Q: We want to make renovations to our home that will improve aesthetics and overall energy efficiency. How can we make sure we hire a contractor who will do a good job and stay within our budget?
A: Great question! Renovations can be the perfect time to improve your home’s energy efficiency. To make sure you get those energy savings, it’s important to do some planning right from the beginning.
The first step is to educate yourself so you can be in control of your project. Helpful, easy-to-understand energy efficiency information is available for virtually any area of your home and any renovation project. Just be sure to use reputable sources, like energy.gov, energystar.gov or your local electric co-op.
You’ll need that knowledge so you can judge the solutions each potential contractor proposes. Some products or methods that are sold as effective energy efficiency solutions may not work as well as they claim, or may be too expensive relative to the energy savings they provide.
It’s important to talk to your local building department to find out if your project requires a permit and inspections. Some contractors may suggest doing the work without a permit, but unpermitted work can cause problems if you need to file an insurance claim down the road or when you get ready to sell your home.
You can also use your newfound knowledge to ask the right questions of potential contractors. Ask about the product to be installed, the energy savings it should yield and whether it will improve comfort. Because energy efficiency installations and construction are specialized, most measures are unlikely to be installed correctly unless the installer has experience and hopefully some appropriate training or certification.
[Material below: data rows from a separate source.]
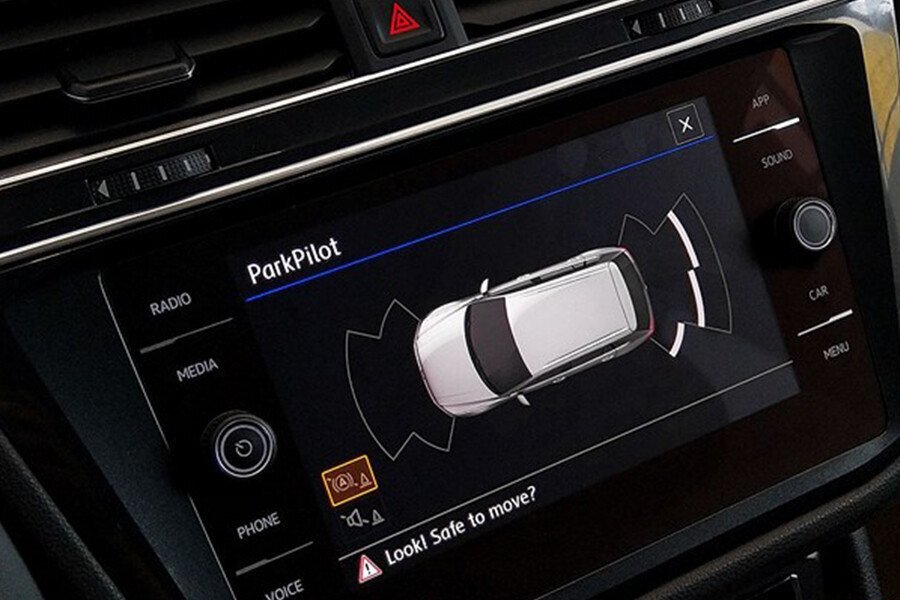 Volkswagen Tiguan Allspace 2.0L - Hình 12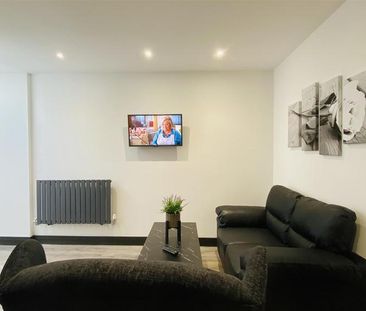 6 bedroom house to rent - Photo 1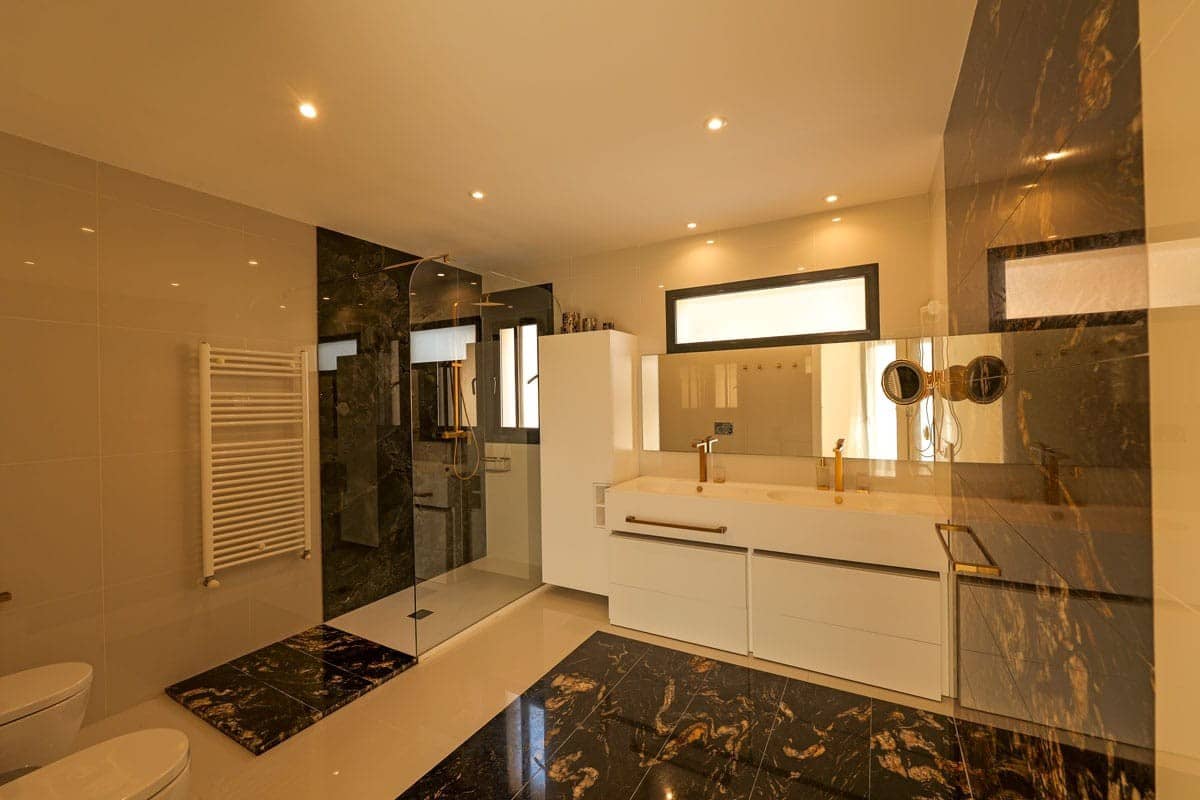 3 soverom Villa til salgs i Torrevieja med svømmebasseng garasje - € 1 630 000 (Ref: 9999397)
Finding a contractor can be a challenge, especially in rural areas. To find them, use your online search engine to “find a contractor in your area.”If you’re in a sparsely-populated area, the right contractor may be located an hour or two away. Your electric co-op may be able to provide a list of approved contractors in your area. You can also check with a local energy auditor for contractor names.
You may decide you’d like to hire a small specialty contractor or a larger general contractor. Either way, it’s crucial to hire someone with a contractor’s license, a local business license and three types of insurance: liability, personal injury and workers’ compensation. Check references to verify the contractor has a solid history of cost-control, timeliness, good communication and excellent results, including significant energy savings. You might learn that your lowest bidder has a tendency to increase the price after the job has begun.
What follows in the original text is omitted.